#### SUPPLIED ENTRIES

◆ ◆ ◆ ◆ ◆ ◆ ◆

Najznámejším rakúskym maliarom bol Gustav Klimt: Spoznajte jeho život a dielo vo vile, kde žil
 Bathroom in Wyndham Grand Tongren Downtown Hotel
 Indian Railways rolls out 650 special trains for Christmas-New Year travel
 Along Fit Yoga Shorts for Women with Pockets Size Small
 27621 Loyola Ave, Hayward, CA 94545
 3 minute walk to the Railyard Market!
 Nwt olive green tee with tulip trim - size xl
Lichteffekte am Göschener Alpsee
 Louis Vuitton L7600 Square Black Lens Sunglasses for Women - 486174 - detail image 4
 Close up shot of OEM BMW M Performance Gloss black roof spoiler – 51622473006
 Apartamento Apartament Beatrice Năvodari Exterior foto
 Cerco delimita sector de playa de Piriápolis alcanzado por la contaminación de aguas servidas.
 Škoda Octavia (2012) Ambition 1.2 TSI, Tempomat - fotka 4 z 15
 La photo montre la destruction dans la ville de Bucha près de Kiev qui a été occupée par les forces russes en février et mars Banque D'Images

◆ ◆ ◆ ◆ ◆ ◆ ◆

#### WORK INSTRUCTION
Output must consist only of the listing's lines from the first through the line with "Lichteffekte am Göschener Alpsee", reproduced word for word.

#### EXERCISE SOLUTION
Najznámejším rakúskym maliarom bol Gustav Klimt: Spoznajte jeho život a dielo vo vile, kde žil
 Bathroom in Wyndham Grand Tongren Downtown Hotel
 Indian Railways rolls out 650 special trains for Christmas-New Year travel
 Along Fit Yoga Shorts for Women with Pockets Size Small
 27621 Loyola Ave, Hayward, CA 94545
 3 minute walk to the Railyard Market!
 Nwt olive green tee with tulip trim - size xl
Lichteffekte am Göschener Alpsee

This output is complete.